**Problem details**:
Please copy exactly the part of the records below that opens with the line containing "Something Between Us" and closes with the line containing "Acer NX.J2JET.003 laptop", leaving out any pictures.

**Input records**:

= = =

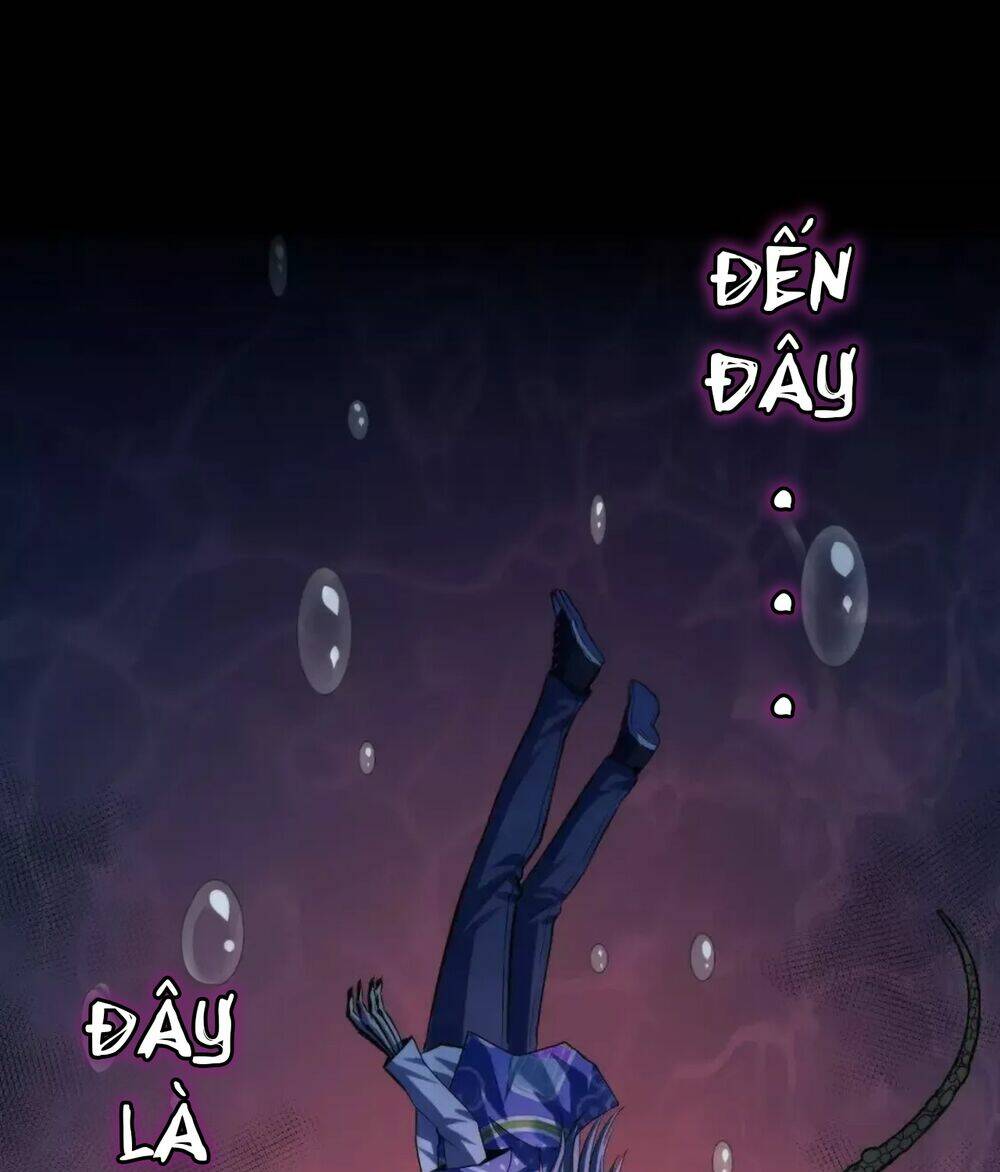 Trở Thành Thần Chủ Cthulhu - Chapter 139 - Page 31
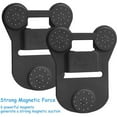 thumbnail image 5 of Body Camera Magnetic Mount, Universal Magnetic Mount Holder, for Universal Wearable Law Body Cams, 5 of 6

= = =

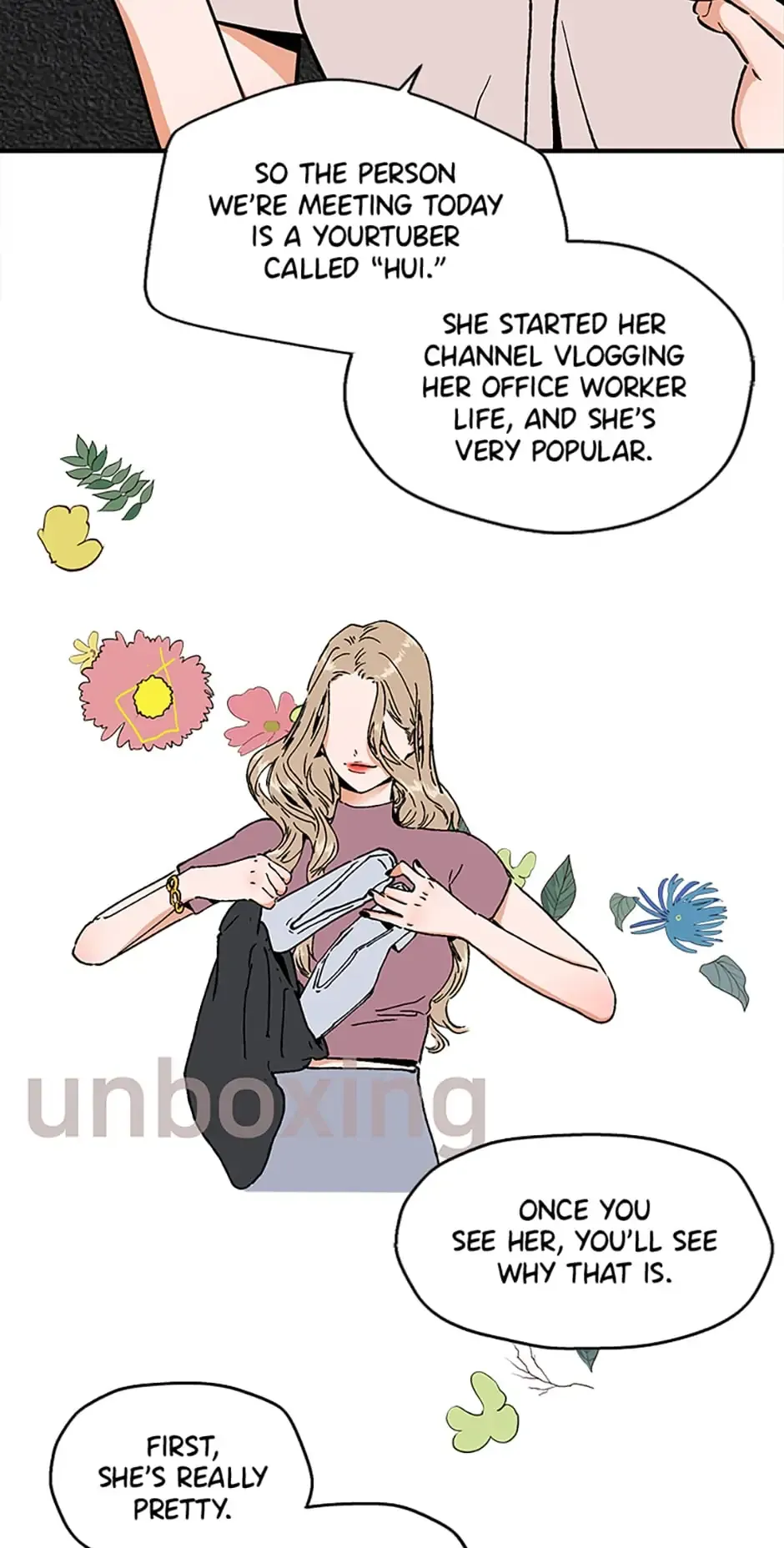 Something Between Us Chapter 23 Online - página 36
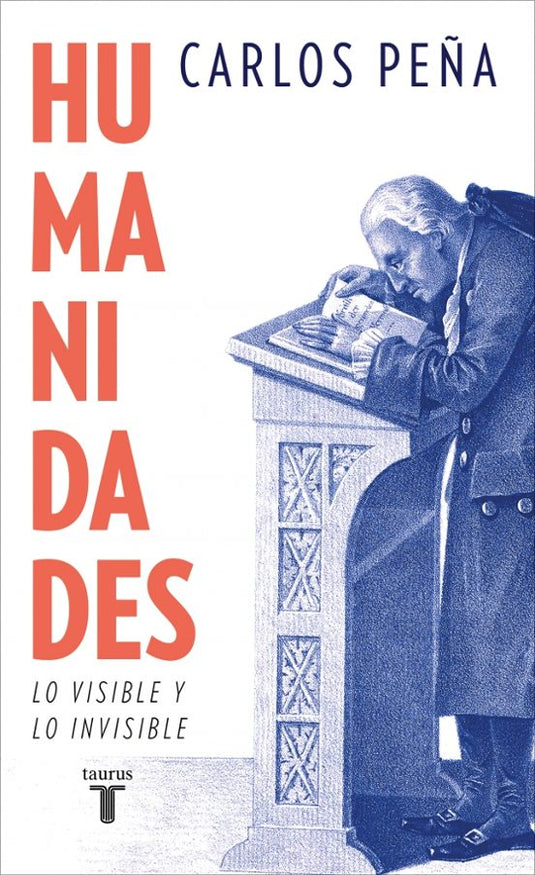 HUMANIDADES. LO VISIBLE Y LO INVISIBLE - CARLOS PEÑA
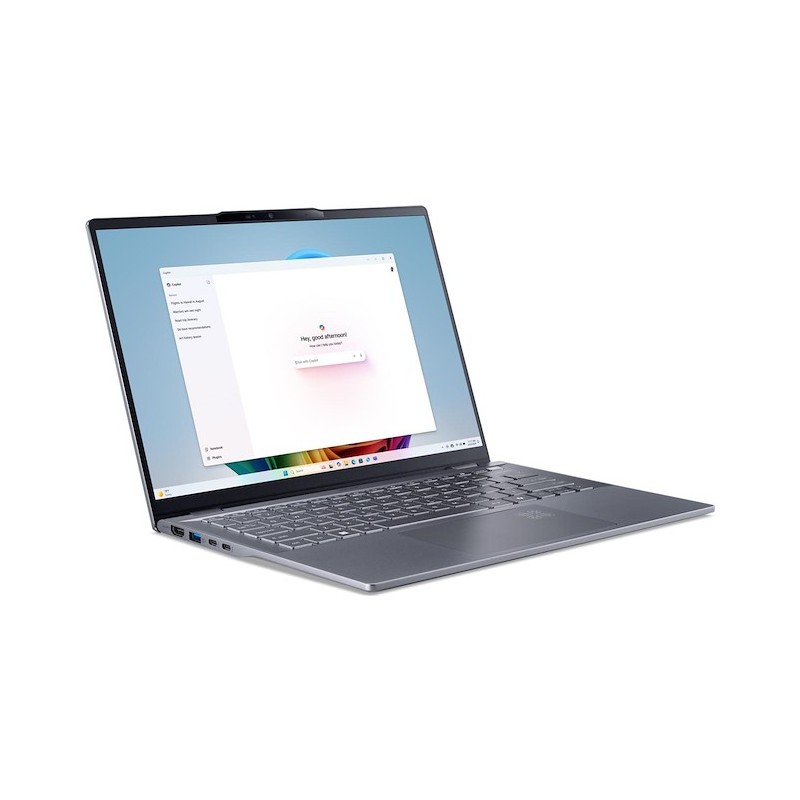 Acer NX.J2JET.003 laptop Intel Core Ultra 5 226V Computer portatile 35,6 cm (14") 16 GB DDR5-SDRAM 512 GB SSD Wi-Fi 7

= = =

**Solution to the exercise**:
 Something Between Us Chapter 23 Online - página 36
 HUMANIDADES. LO VISIBLE Y LO INVISIBLE - CARLOS PEÑA
 Acer NX.J2JET.003 laptop Intel Core Ultra 5 226V Computer portatile 35,6 cm (14") 16 GB DDR5-SDRAM 512 GB SSD Wi-Fi 7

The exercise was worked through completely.